John O'Shea during the 2017 All-Ireland senior hurling final between Galway and Waterford at Croke Park in Dublin. Photo by Brendan Moran/Sportsfile

"Sheasy" spoke about the influence that playing Gaelic football had on his soccer career - as well as why he didn't stick with the sport, and why hurling was never quite his cup of tea.


[On playing Gaelic Football] When you say "football" and "soccer" - back in Ireland, it was one of them...because of school and where I was from, playing Gaelic was a big education for me in playing football too, in terms of the physicality. If you watch it on the telly now, you see how physical it is.

I really liked Gaelic football, I played full forward and midfield. Hurling I did play for a little bit but I just didn't take to it. You're playing against people who mightn't like you, and they have a stick!

If I had stuck with it, I would have hoped to have been picked for my county team. Waterford are much better at hurling than they are at football, unfortunately, at the minute - you never know, I could have kicked Waterford on to a new level in Gaelic football!

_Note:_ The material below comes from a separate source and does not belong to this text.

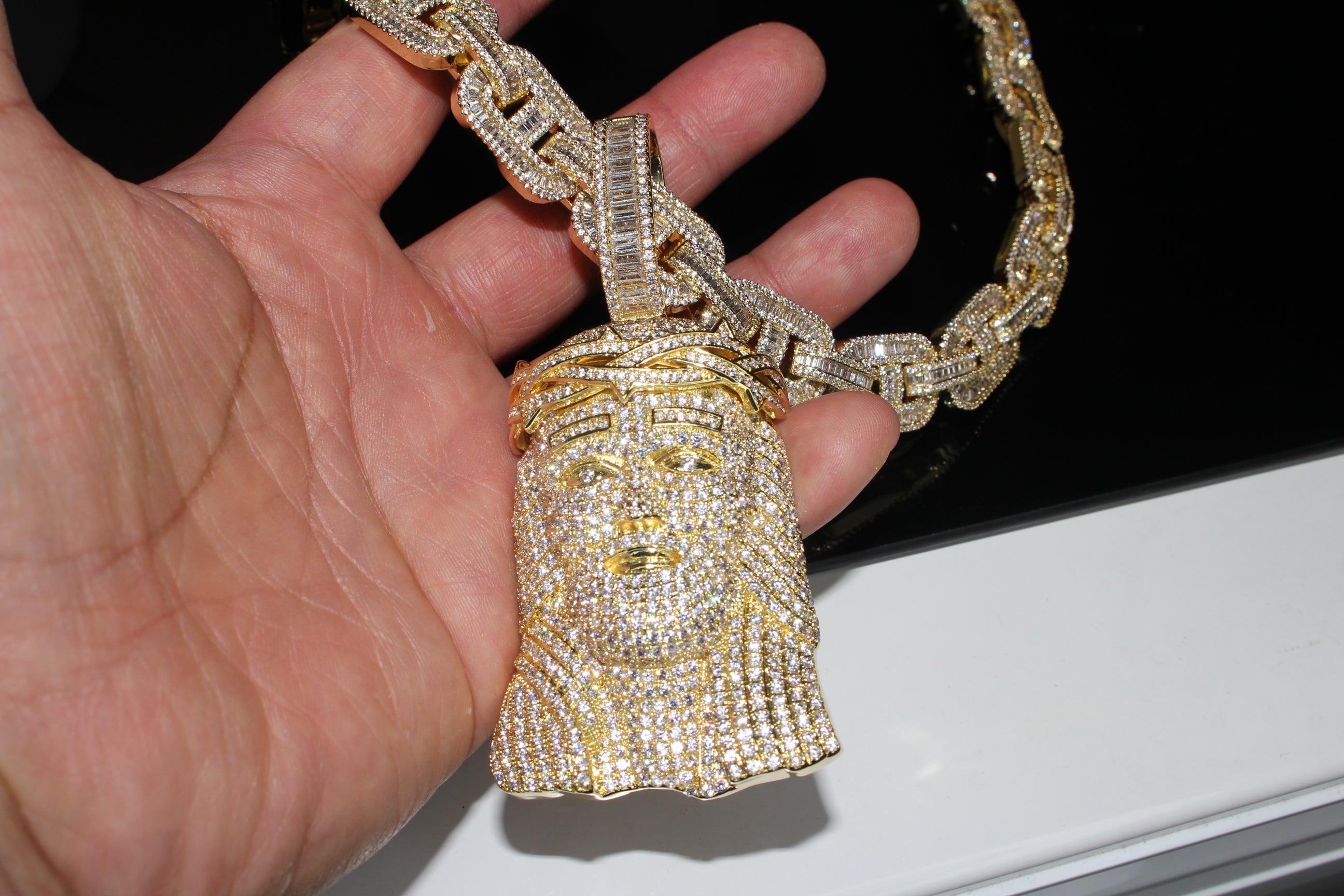 XXL Jesus Pendant 14mm Mariner 102.8ct Lab Sim VVS1 Diamond Necklace GOLD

For Irish fans, the image of the likes of John O'Shea and Robbie Keane lining up against each other in big Premier League games is an image of a sadly distant past. Both starred in the 2008-09 Champions League, when Keane scored two goals and O'Shea started the final for Man United, but it has been a long time since Irish players made an impact at that high a level in England.

Regardless, O'Shea's time at Man United was marked by both consistently reliable performances, and a fair share of cult hero moments - and he thinks that his time in goals against Spurs struck the perfect balance between the two.

It was strange - a good experience, but I don't think I could have been a keeper! At least I'm able to say "100% clean sheet record in the Premier League" as well - not too many keepers have that!